O Tribunal Regional Federal da 5ª Região reformou a decisão administrativa, assegurando o direito à isenção. A Fazenda Nacional interpôs recurso ao STJ, insistindo na tese restritiva.
Fundamentação jurídica do STJ
O Superior Tribunal de Justiça manteve a decisão favorável ao consumidor, consolidando importantes fundamentos:
- Natureza distinta da isenção tributária;
A isenção de IPI prevista na Lei nº 8.989/1995 não possui natureza de benefício previdenciário ou assistencial, mas sim de desoneração fiscal. Logo, não se subsume à vedação de cumulação prevista no art. 20, § 4º, da LOAS.
- Finalidade inclusiva da legislação;
A interpretação restritiva da Fazenda Nacional desvirtua o objetivo da norma, que é facilitar a inclusão social e a mobilidade da pessoa com deficiência ou TEA.
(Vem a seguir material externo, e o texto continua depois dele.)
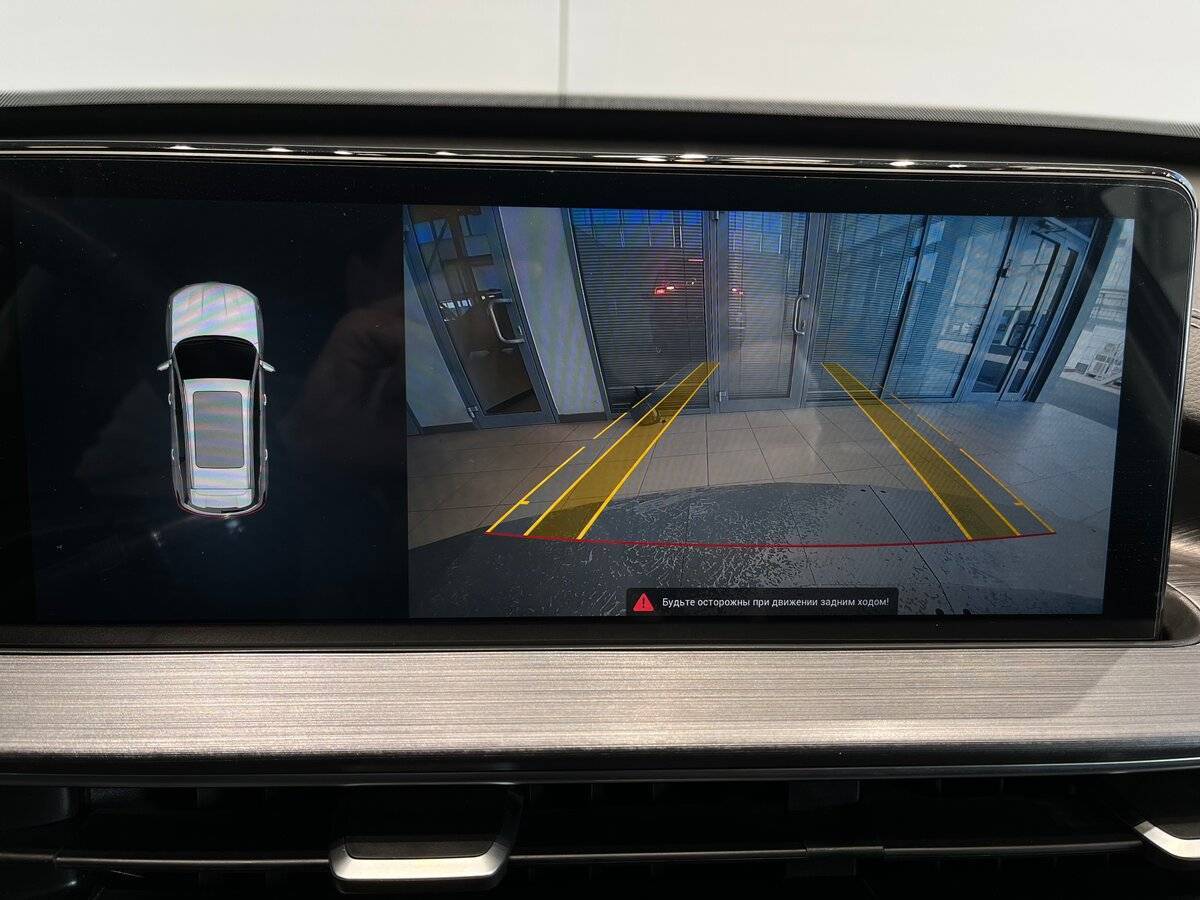 Chery Tiggo 7 Pro Max, 2023 Фото №24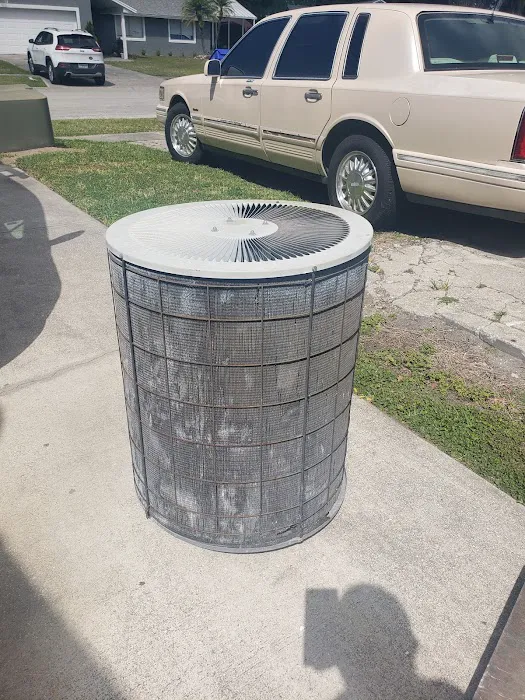 Infinity Air & Heat Picture 2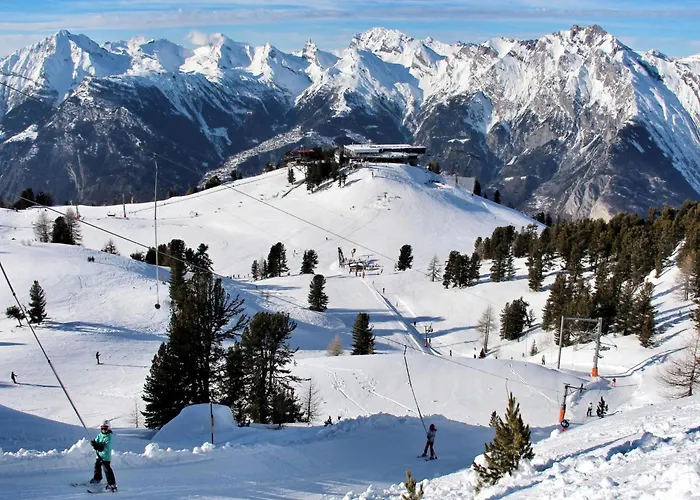 In Nendaz Near Slopes *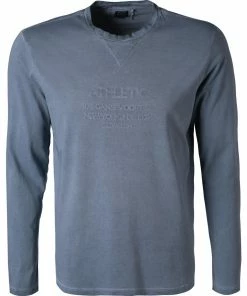 BETTER RICH Longsleeve M13554100/410 Baumwolle, Navy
Negar a isenção pelo simples fato de o indivíduo ser beneficiário do BPC gera tratamento discriminatório, punindo justamente quem se encontra em maior vulnerabilidade.
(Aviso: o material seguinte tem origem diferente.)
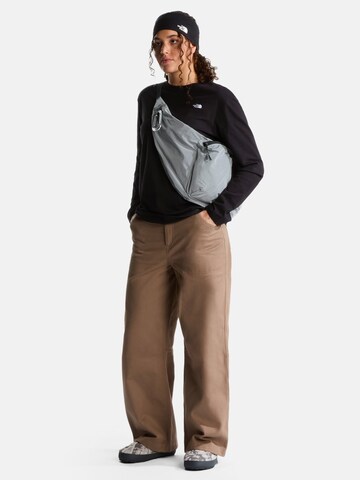 THE NORTH FACE Majica 'Essential Simple Dome' | črna barva
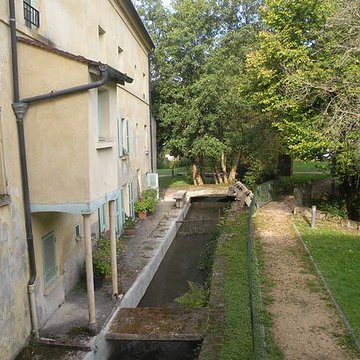 Moulin de la Naze à Valmondois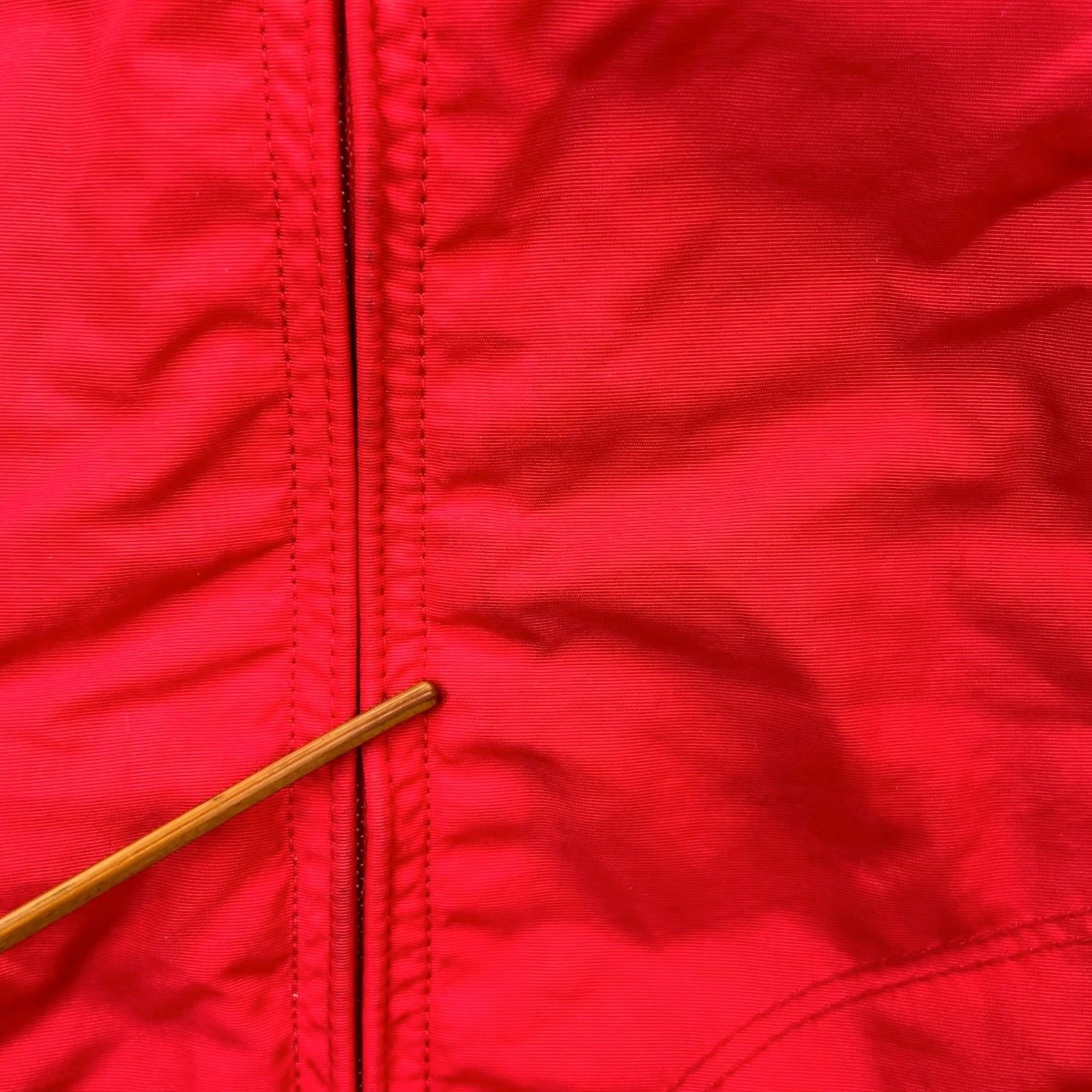 Eddie Bauer Eddie Bauer Jacket Womens Small Red Coat Fleece Lined Full Zip Insulated Hooded Size S / US 4 / IT 40 - 5 Thumbnail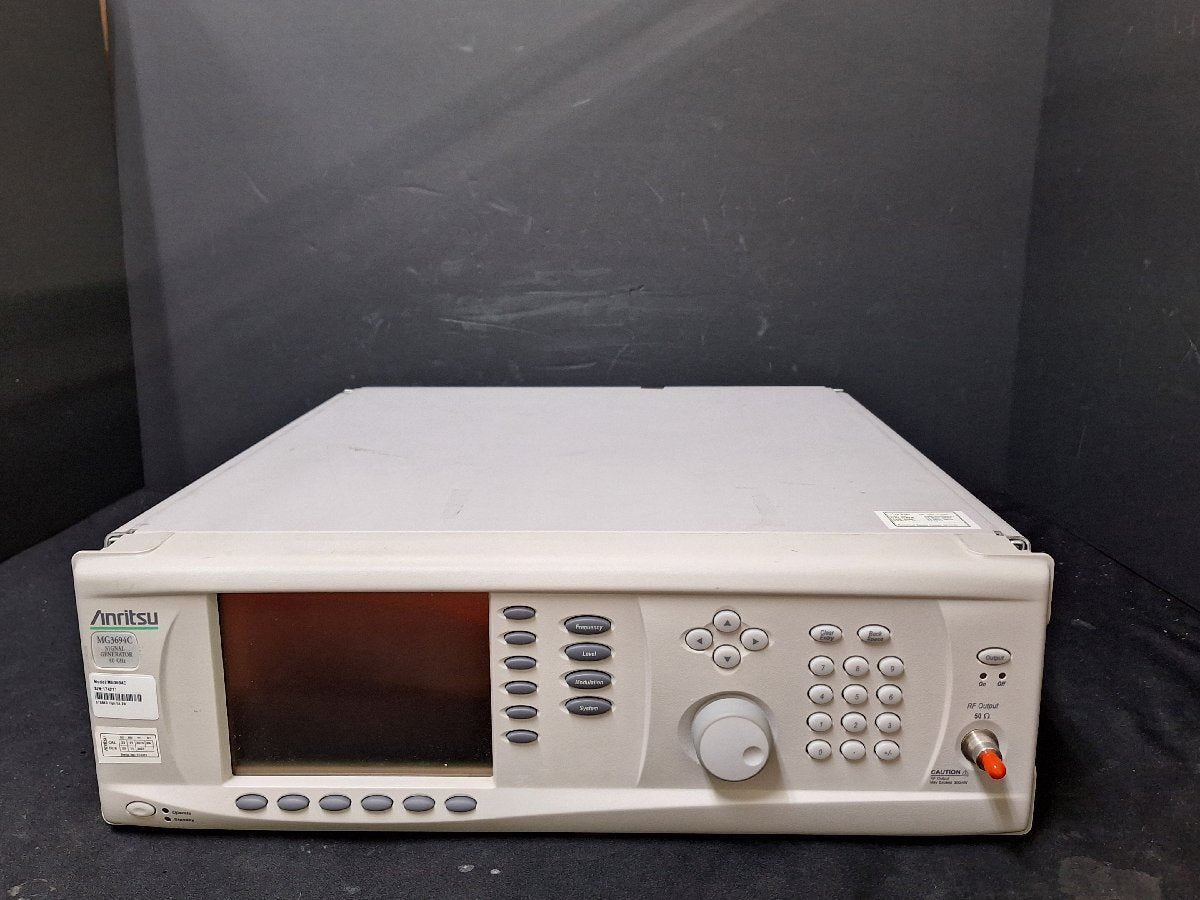 Anritsu MG3694C Signal Generator 2GHz-40GHz [v1220895609]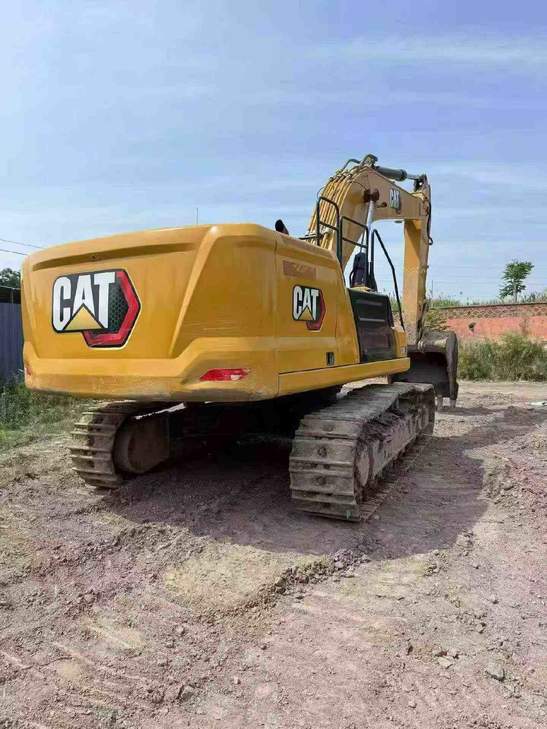 Buy Caterpillar 336E Used Excavator / 1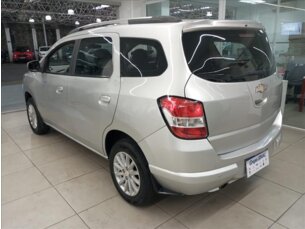 Foto 6 - Chevrolet Spin Spin LT 5S 1.8 (Aut) (Flex) automático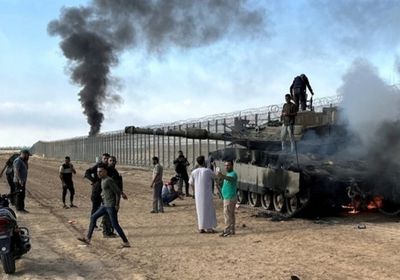 حماس: فقدانا 60 أسيراً إثر القصف الإسرائيلي على غزة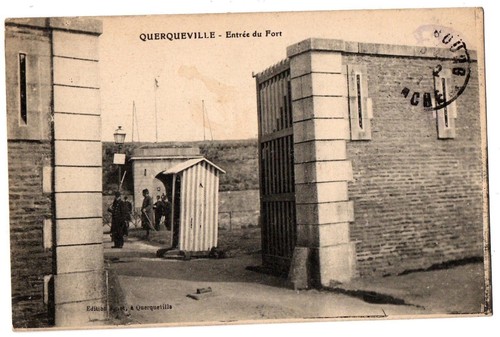 Cpa querqueville - -,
- Revisão do BPC como caminho adequado;
O STJ destacou que, caso existam indícios de incompatibilidade econômica do núcleo familiar com a condição de hipossuficiência, o meio adequado seria a revisão do benefício assistencial — e não a negação de isenção tributária, cuja natureza e finalidade são distintas.
Impactos da decisão
A decisão do STJ traz relevantes repercussões:
· Segurança jurídica: unifica a interpretação acerca da possibilidade de acumulação do BPC com a isenção de IPI.
· Proteção do direito à mobilidade: reforça a aplicação dos princípios da dignidade da pessoa humana e da inclusão social.
· Precedente relevante: orienta a atuação de advogados em processos semelhantes e a revisão da prática administrativa da Receita Federal.
Conclusão
O recente entendimento do STJ reafirma a necessidade de interpretação teleológica e protetiva das normas que tratam de pessoas com deficiência, em consonância com a Constituição Federal (art. 1º, III; art. 227; art. 244), a Convenção sobre os Direitos da Pessoa com Deficiência (Decreto nº 6.949/2009) e o Estatuto da Pessoa com Deficiencia (Lei nº 13.146/2015).
Em síntese, a isenção de IPI não configura benefício previdenciário ou assistencial, sendo plenamente compatível com o BPC/LOAS. Trata-se de importante conquista em favor da efetivação dos direitos fundamentais das pessoas com deficiência e suas famílias.